__Available records__
....................

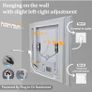 500x700 mm LED Bathroom Mirror with Lights,Bluetooth Dual Speaker,Anti-Fog Image 3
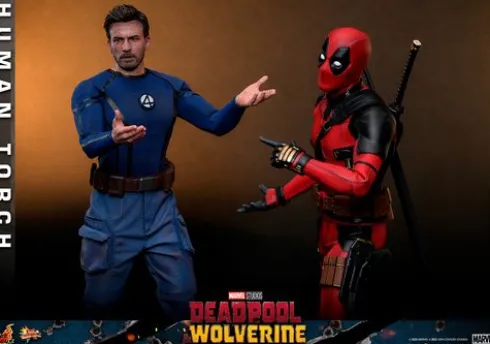 Deadpool and Wolverine Figura Movie Masterpiece 1/6 Antorcha Humana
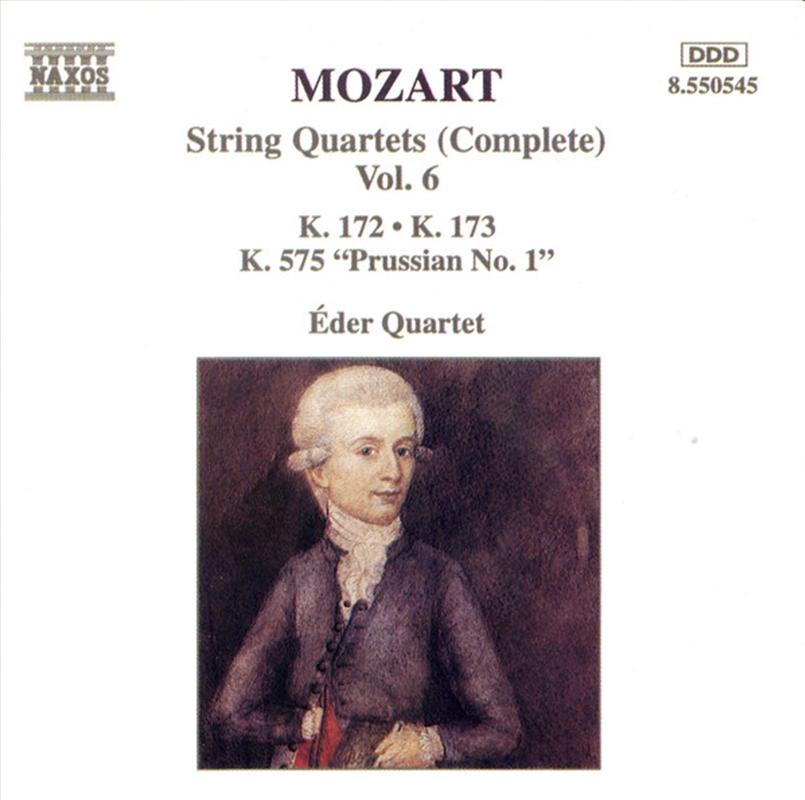 Mozart: String Quartet Vol 6/Product Detail/Classical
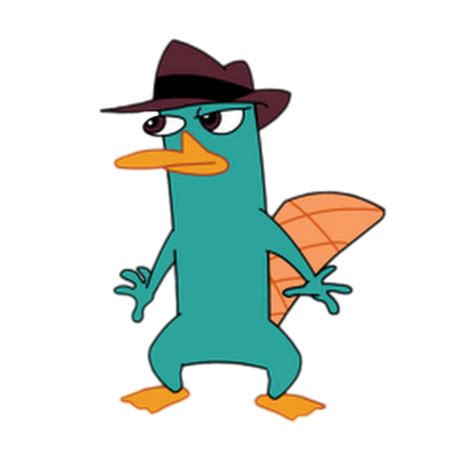 Check out this transparent Phineas and Ferb pet Perry the Platypus PNG image | Perry the ...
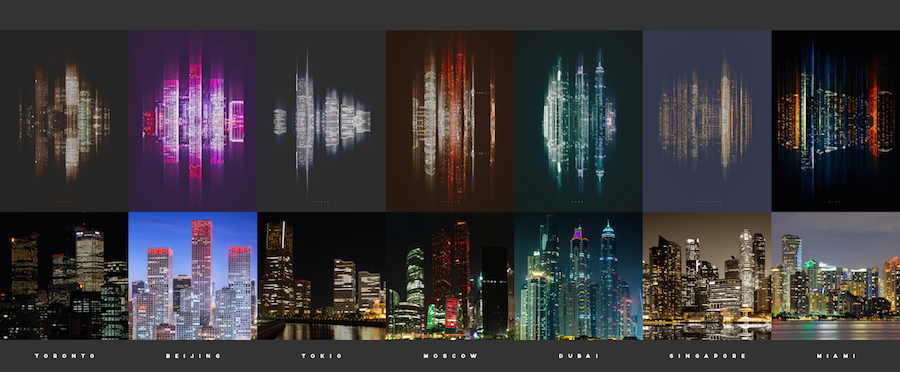 Luminous Representations of Cities Around the World6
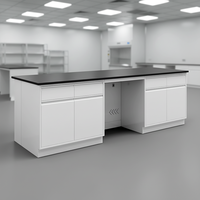 Banc de travail de laboratoire en acier sur mesure, table de travail de laboratoire chimique, table d'opération scientifique, îlot de laboratoire, mobilier de laboratoire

....................

__What is required__
Output, exactly and without pictures, the span of lines that starts at the line containing "Luminous Representations of" and ends at the last line above.

__Task output__
 Luminous Representations of Cities Around the World6
 Banc de travail de laboratoire en acier sur mesure, table de travail de laboratoire chimique, table d'opération scientifique, îlot de laboratoire, mobilier de laboratoire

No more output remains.